While it is a familiar story of good winning over evil, it is still an important story in Japanese culture due to the symbolism throughout the story. For example, food is seen as a natural gift, 1st when the peach is discovered in the river. A famous folklore specialist, Yanagita Kunio, says that the river is meant to act as a symbolic link between man and the spirit world. Thus, Momotaro is seen as a gift from God to help the village.

A statue of Momotaro in Okayama.
Momotaro is Okayama’s residential legend! Image via Shutterstock

The Ministry of Education also used the story of Momotaro in the late 19th century to teach patriotic values. The story also appeared in elementary school books. It was thought that children would grow up to think they were like Momotaro. As metaphoric Momotaro, they would kick the Oni (the foreigners) out of Japan during World War 2.

The Okayama Festival

If you visit Okayama Station, one of the first things you will see is a statue of Momotaro and his friends outside the station. At many of the tourist shops in Okayama, you can also find Kibi Dango souvenirs. There is now a variety of Kibi Dango, including peach, grape, kinako, and chocolate flavors! 

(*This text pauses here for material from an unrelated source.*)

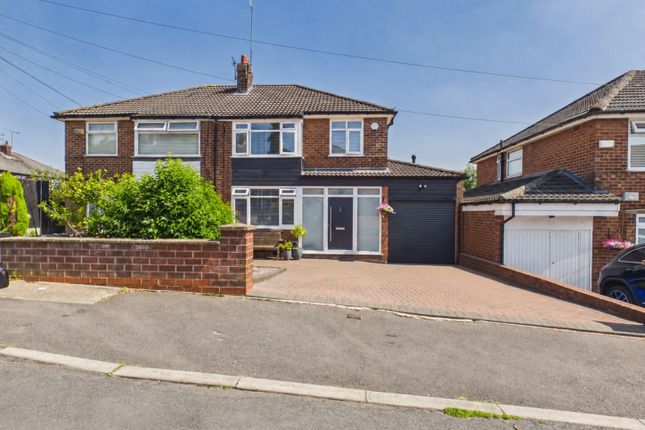 4 bed property, in Green End, £350,000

A bunch of people dressed in blue at the Momotaro Okayama Festival.
The festival happens every August! mage via Shutterstock

Okayama is also very famous for its peaches, often cited as being the tastiest peaches in Japan. Usually, their peaches are very expensive in supermarkets, but you can get them cheaper in Okayama. The peach season runs from early July to late August; during this time, many cafes also have unique peach desserts.

In the summer, a festival dedicated to Momotaro is called Okayama Momotaro Festival. Many dancers take to the street at this festival and cosplay as Momotaro. Following the dance parade, there are usually fireworks at night too! This year the festival will happen on August 5th and 6th.

The story of Momotaro is simple yet fascinating. In a way, it feels similar to some stories we may have grown up with. What’s your favorite story that is similar to Momotaro? Let us know in the comments below!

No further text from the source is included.